Vor allem negative Lebensstilfaktoren sind bei 95 Prozent der Patienten Ursachen des Bluthochdrucks (primäre Hypertonie): Übergewicht, zu viel Salz, zu wenig Gemüse und Obst, zu viel Alkohol, Bewegungsmangel, zu viel Stress, Rauchen, Schmerz- und Rheumamittel, die „Pille“, Cortison.
Lebensstil ändern
Die Änderung dieser Faktoren ist die Basis jeder Bluthochdruck-Therapie, ob dazu Medikamente eingesetzt werden oder nicht, betont Mischke.

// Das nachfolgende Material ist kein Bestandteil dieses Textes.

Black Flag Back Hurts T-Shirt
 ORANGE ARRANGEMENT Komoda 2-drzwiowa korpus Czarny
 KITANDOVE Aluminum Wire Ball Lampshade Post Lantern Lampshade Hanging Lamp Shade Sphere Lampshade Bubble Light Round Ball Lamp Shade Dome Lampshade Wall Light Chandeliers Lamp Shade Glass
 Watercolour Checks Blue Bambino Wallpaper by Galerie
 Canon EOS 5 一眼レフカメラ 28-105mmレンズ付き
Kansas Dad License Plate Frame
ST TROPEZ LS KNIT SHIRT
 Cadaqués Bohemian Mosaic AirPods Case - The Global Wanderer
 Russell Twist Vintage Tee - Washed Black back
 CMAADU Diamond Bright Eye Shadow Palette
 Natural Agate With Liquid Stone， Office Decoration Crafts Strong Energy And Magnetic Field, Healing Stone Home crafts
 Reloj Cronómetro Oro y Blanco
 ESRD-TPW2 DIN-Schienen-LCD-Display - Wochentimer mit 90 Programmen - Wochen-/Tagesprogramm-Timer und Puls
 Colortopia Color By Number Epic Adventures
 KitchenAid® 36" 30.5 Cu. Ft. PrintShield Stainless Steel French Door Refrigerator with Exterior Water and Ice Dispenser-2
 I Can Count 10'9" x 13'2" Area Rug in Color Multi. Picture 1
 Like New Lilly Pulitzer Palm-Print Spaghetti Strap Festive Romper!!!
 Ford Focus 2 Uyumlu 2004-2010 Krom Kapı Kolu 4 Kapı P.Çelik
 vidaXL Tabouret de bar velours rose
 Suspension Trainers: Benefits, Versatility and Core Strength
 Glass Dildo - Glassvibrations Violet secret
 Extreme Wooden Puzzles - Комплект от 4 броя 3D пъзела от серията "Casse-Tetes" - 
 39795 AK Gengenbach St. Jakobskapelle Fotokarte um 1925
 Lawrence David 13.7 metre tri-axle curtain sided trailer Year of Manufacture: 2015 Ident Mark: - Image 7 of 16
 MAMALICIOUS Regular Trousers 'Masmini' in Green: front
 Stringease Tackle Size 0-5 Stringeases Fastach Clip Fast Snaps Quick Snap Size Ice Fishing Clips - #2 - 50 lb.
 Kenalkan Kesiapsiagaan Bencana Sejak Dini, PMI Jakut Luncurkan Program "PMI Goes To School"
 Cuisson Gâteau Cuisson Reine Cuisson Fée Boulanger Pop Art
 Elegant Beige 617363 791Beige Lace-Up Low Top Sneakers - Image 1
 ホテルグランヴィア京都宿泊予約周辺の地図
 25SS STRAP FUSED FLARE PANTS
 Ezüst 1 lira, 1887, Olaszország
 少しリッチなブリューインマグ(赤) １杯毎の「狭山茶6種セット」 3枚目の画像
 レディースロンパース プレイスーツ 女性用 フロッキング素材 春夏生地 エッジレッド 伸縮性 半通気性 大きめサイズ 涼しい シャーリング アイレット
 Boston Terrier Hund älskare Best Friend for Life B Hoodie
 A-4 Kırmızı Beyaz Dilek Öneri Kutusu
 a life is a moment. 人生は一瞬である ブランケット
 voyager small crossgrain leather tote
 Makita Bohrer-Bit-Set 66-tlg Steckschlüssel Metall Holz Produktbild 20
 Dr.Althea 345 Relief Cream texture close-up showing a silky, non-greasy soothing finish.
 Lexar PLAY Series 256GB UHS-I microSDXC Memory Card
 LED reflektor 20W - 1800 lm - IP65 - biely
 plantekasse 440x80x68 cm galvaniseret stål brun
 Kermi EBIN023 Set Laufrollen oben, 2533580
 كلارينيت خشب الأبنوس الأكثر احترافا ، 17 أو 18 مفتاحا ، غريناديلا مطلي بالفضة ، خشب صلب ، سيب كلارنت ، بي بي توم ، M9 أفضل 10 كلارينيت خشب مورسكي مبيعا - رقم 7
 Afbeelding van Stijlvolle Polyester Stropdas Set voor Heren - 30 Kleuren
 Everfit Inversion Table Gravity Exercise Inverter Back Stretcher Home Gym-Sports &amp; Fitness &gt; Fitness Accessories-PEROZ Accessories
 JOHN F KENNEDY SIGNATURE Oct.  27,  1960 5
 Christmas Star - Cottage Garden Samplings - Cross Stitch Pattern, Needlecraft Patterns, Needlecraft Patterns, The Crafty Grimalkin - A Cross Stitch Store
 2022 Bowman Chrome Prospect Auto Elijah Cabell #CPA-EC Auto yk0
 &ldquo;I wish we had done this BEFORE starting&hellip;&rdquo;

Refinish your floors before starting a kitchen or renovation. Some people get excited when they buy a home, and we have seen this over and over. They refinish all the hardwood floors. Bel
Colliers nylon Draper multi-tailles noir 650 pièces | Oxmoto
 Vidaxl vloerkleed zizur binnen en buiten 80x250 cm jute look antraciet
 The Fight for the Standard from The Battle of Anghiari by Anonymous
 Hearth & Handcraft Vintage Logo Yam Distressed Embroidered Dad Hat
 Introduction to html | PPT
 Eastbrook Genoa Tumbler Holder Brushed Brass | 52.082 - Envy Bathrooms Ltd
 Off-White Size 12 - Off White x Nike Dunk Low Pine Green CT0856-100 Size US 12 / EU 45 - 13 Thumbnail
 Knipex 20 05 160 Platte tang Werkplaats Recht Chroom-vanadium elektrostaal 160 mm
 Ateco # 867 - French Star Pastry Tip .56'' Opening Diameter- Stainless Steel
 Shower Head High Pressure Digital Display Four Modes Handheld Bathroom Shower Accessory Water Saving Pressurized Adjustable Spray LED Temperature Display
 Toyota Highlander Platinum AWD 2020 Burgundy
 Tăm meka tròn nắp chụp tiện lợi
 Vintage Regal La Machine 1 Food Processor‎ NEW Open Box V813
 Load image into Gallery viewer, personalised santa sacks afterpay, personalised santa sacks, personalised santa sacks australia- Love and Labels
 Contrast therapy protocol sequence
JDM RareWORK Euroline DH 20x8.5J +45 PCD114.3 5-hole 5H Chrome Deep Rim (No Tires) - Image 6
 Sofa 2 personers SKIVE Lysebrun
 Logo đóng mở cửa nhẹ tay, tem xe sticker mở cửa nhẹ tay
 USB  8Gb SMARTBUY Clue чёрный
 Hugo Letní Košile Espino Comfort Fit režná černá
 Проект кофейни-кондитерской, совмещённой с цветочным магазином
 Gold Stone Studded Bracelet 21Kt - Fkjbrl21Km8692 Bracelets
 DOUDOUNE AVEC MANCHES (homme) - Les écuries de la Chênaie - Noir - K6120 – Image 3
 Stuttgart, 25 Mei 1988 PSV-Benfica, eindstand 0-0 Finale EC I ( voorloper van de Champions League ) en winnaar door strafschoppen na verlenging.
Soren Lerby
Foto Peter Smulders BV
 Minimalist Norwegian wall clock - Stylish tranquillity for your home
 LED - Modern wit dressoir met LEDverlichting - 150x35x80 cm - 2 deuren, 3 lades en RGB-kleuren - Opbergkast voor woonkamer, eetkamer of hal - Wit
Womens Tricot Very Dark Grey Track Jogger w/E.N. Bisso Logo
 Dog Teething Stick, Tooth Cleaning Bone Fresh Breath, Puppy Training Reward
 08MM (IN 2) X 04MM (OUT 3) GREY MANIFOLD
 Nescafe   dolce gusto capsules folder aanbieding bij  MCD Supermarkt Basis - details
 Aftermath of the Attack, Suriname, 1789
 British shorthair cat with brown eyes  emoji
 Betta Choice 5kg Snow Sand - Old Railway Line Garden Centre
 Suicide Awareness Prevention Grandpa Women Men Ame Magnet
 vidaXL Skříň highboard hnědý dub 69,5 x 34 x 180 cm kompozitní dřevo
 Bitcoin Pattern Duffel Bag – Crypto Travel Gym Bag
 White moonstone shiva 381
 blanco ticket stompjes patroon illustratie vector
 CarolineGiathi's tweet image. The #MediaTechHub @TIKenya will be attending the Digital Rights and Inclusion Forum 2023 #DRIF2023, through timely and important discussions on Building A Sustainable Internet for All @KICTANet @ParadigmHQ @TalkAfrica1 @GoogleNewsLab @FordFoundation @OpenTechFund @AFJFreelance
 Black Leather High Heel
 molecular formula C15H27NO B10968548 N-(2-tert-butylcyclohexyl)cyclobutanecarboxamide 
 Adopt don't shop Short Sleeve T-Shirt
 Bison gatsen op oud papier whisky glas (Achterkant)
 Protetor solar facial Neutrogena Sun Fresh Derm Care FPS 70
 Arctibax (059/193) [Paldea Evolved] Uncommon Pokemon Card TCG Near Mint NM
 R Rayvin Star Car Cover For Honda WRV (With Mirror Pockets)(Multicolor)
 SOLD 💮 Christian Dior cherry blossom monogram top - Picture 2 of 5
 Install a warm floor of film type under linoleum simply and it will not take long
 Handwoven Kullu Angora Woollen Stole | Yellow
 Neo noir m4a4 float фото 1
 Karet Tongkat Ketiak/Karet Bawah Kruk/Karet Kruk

Es gibt aber auch bei fünf Prozent der Patienten „innere“ Ursachen (sekundäre Hypertonie): Erbliche Veranlagung, Schlafapnoe, Nierenerkrankungen, Anomalien der Blutgefäße, erhöhte Hormonproduktion.
Katastrophale Folgen
Bluthochdruck ist tückisch, man bemerkt ihn über Jahre und Jahrzehnte nicht. Er verschleißt die Gefäße im ganzen Organismus, es kommt zu Schäden an den Organen. Im Gehirn ist der Schlaganfall die häufigste Komplikation, dem Herz droht Vorhofflimmern, Herzmuskelverdickung, Herzschwäche, koronare Herzkrankheit mit Herzinfarkt. Bei den Nieren beginnt ein verhängnisvoller Kreislauf: Die chronische Verschlechterung der Nierenfunktion durch Hochdruck lässt wiederum den Blutdruck ansteigen. Die Sehfähigkeit der Augen wird durch die Gefäßverschlüsse und Veränderungen der Netzhaut verschlechtert.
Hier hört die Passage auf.